O Tribunal de Justiça de Santa Catarina deu um passo em direção à ampliação da acessibilidade ao receber, no dia 30 de março, representantes da comunidade surda da Grande Florianópolis. O encontro, realizado na sede da Presidência, teve como objetivo ouvir demandas e identificar caminhos para tornar o Judiciário mais inclusivo.
A reunião foi conduzida pelo presidente da Corte, o desembargador Rubens Schulz, que destacou a importância de compreender, na prática, as dificuldades enfrentadas por pessoas surdas ao buscar atendimento judicial. Segundo ele, a proposta é transformar as demandas apresentadas em ações concretas durante sua gestão.
Dados do Instituto Brasileiro de Geografia e Estatística, com base no Censo 2022, mostram que Santa Catarina possui mais de 88 mil pessoas com deficiência auditiva permanente, o que reforça a necessidade de políticas públicas voltadas à inclusão.
Durante o encontro, lideranças e especialistas apontaram obstáculos recorrentes, especialmente na comunicação. Representantes da Associação de Surdos da Grande Florianópolis relataram que muitos cidadãos surdos encontram dificuldades para acessar informações básicas, como conteúdos em sites institucionais, além da ausência de profissionais capacitados em Língua Brasileira de Sinais (Libras) nos atendimentos presenciais.
A discussão também envolveu o meio acadêmico, com contribuições de profissionais ligados à Universidade Federal de Santa Catarina e ao Instituto Federal de Santa Catarina, que destacaram que as barreiras enfrentadas vão além do Judiciário.
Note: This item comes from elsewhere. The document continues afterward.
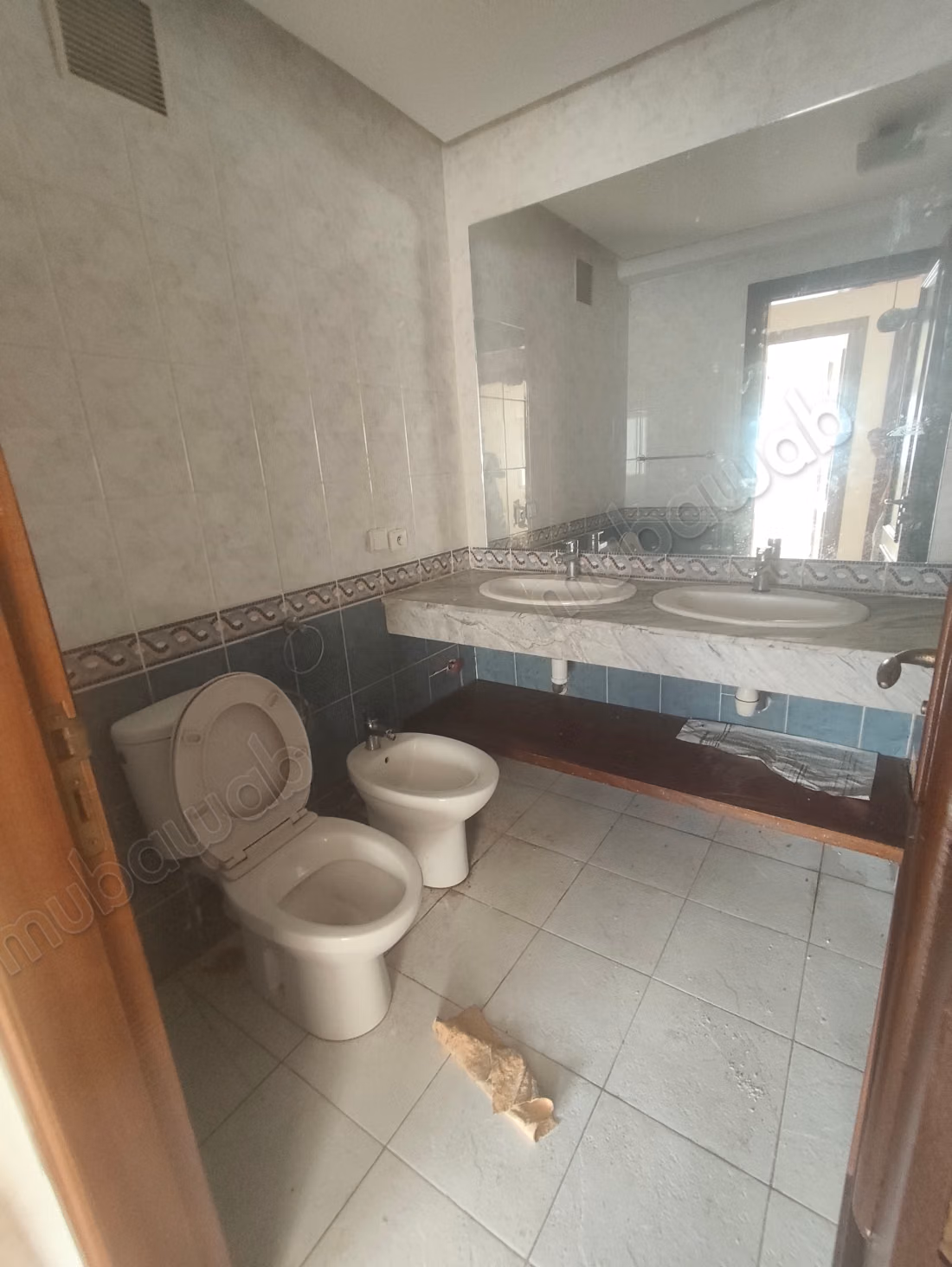 Location d'un appartement à Bourgogne Est. 
2 chambres. 
Ascenseur et stationnement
Questões educacionais, como o acesso limitado à Libras e ao ensino da língua portuguesa, impactam diretamente o exercício da cidadania por pessoas surdas.
Outro ponto levantado foi a falta de um fluxo estruturado de atendimento que garanta suporte adequado desde o primeiro contato com os serviços públicos até o acompanhamento de demandas mais complexas, como processos judiciais.
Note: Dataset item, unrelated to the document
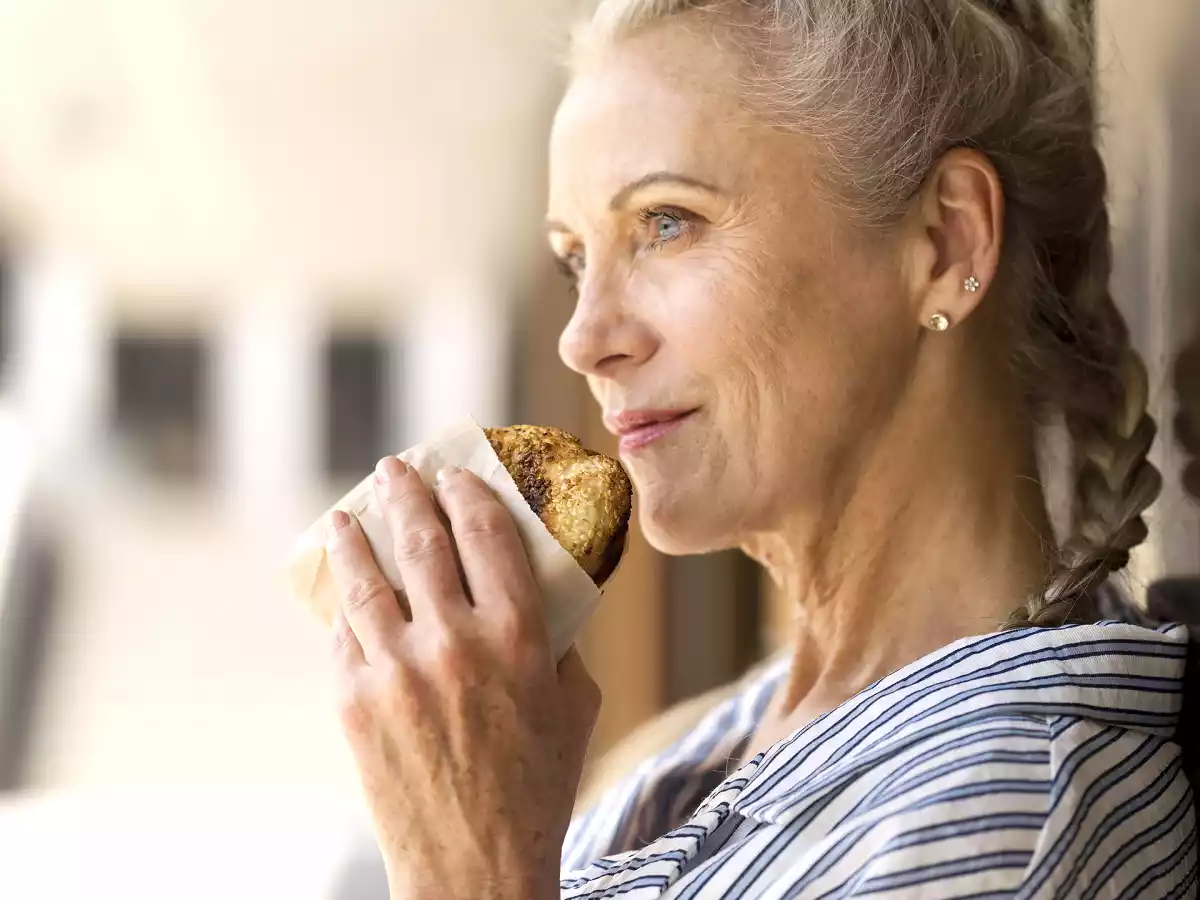 6 Alimentos que aceleram o envelhecimento: Descubra quais são!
Como encaminhamento prático, ficou definida a criação de um grupo de trabalho no âmbito do TJSC. A iniciativa pretende reunir representantes da comunidade surda e do Judiciário para propor medidas, estabelecer prioridades e implementar soluções voltadas à inclusão.
A expectativa é que o diálogo iniciado sirva como base para mudanças estruturais, ampliando o acesso da população surda aos serviços judiciais em Santa Catarina.